Short web captions:
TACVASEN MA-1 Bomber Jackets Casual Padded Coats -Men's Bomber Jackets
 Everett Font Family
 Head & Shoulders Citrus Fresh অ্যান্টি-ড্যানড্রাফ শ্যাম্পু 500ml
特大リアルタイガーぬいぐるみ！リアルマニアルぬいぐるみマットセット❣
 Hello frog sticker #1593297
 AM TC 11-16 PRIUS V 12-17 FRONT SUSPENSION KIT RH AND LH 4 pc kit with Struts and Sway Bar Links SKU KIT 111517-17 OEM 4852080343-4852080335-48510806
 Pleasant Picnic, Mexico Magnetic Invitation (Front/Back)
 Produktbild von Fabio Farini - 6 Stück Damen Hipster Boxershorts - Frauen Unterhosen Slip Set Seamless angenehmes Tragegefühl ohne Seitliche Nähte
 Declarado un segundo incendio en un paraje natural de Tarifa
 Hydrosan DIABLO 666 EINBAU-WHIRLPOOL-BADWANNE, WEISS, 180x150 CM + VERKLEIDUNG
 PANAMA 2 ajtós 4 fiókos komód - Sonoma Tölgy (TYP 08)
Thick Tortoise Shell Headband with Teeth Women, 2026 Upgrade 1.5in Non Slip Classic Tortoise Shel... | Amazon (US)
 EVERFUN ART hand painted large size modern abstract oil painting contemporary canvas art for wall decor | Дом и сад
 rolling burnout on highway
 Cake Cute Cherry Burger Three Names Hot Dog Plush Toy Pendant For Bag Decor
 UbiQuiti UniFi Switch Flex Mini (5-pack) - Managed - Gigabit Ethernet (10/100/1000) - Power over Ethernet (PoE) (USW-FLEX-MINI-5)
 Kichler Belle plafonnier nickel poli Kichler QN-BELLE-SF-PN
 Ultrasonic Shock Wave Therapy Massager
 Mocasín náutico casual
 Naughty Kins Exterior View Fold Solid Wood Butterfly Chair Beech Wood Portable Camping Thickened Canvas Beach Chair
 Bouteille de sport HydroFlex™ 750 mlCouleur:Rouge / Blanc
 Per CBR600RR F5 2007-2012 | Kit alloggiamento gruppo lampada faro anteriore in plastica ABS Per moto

-- REQUIRED ACTION --
In the entries above, which lines hold the string "Slip"? Report all of them.

-- RESPONSE TO THE EXERCISE --
 Produktbild von Fabio Farini - 6 Stück Damen Hipster Boxershorts - Frauen Unterhosen Slip Set Seamless angenehmes Tragegefühl ohne Seitliche Nähte
Thick Tortoise Shell Headband with Teeth Women, 2026 Upgrade 1.5in Non Slip Classic Tortoise Shel... | Amazon (US)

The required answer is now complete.